Mode de calcul : depuis 2011, la réduction est calculée sur la base de la rémunération annuelle afin d'éviter de faire bénéficier de ce dispositif les entreprises qui rémunèrent leurs salariés en-dessous de 1,6 SMIC une partie de l'année seulement.

Règles de cumul : la réduction générale n'est pas cumulable avec une autre exonération de cotisations patronales, à l'exception de la déduction forfaitaire des cotisations dues au titre des heures supplémentaires dans les entreprises de moins de vingt salariés et du CICE.

Cette politique bénéficie aujourd'hui à 10,36 millions de salariés et 1,56 million d'employeurs . Son coût total a diminué à la suite de l'exclusion, en 2013, des heures supplémentaires du calcul du taux d'exonération ; il s'élève en 2012 à 20,6 milliards d'euros , soit 1 % du PIB.

* Notamment les sociétés d'économie mixte, les entreprises nationales où le secteur public détient au moins 30 % du capital social et les établissements publics à caractère industriel et commercial (EPIC) des collectivités territoriales.

Source : annexe 5 au projet de loi de financement de la sécurité sociale pour 2014

3. La poursuite de la baisse des cotisations d'allocations familiales en 2016

Dans le cadre du pacte de responsabilité, le Premier ministre a annoncé, le 8 avril 2014, que la réduction du taux des cotisations d'allocations familiales de 1,8 point serait étendue aux rémunérations égales ou supérieures au seuil de 1,6 SMIC (27 751 euros bruts annuels) mais n'excédant pas 3,5 SMIC (60 706 euros bruts annuels), à compter du 1 er janvier 2016 .

Cette mesure complémentaire - qui n'est pas inscrite dans le présent projet de loi - permettra d'abaisser le coût du travail pour 90 % des salariés du secteur privé et d'atteindre ainsi l'industrie et les services à haute valeur ajoutée , dans lesquels les niveaux de rémunérations sont plus élevés.
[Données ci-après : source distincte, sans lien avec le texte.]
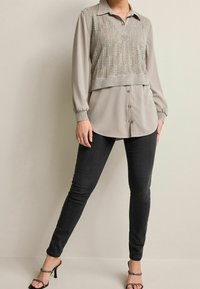 Gilet grigio a strati sopra una blusa grigio chiaro con bottoni, abbinato a jeans skinny neri e sandali con cinturini, caratterizzato da una texture liscia.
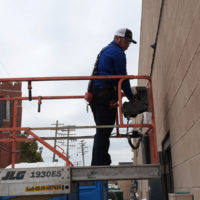 a man working on the outside of a building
Elle rejoint ainsi l'une des propositions clefs du rapport de Louis Gallois 48 ( * ) , remis au Premier ministre en novembre 2012, consistant à créer un choc de compétitivité en transférant une partie des charges sociales jusqu'à 3,5 SMIC vers la fiscalité et la réduction de la dépense publique.
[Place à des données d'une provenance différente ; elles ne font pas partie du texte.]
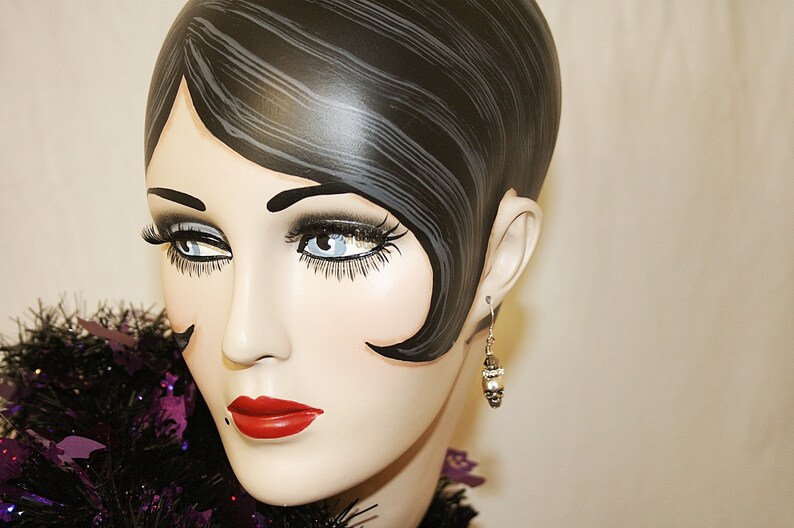 May include: A mannequin head with a vintage hairstyle, dramatic eye makeup, and red lipstick. The mannequin wears a silver earring with a small, decorative charm. A black and purple feather boa is around the neck.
La perte de recettes liée à cette mesure s'élèvera à 4,5 milliards d'euros en année pleine pour la caisse nationale d'allocations familiales (CNAF).


* 44 Rapport d'information n° 1918 (XIV e législature) établi par Jérôme Guedj en conclusion des travaux de la mission d'évaluation et de contrôle des lois de financement de la sécurité sociale de l'Assemblée nationale sur le financement de la branche famille.

* 45 Haut Conseil du financement de la protection sociale, Rapport d'étape sur la clarification et la diversification du financement des régimes de protection sociale , juin 2013.

* 46 Cf. Rapport pour avis n° 76 (2013-2014) sur le projet de loi garantissant l'avenir et la justice du système de retraites, fait par Jean-Pierre Caffet au nom de la commission des finances du Sénat.

* 47 Cour des comptes, Le financement de la branche famille (second cahier) , mai 2013, page 19.

* 48 Louis Gallois, Pacte pour la compétitivité de l'industrie française , novembre 2012.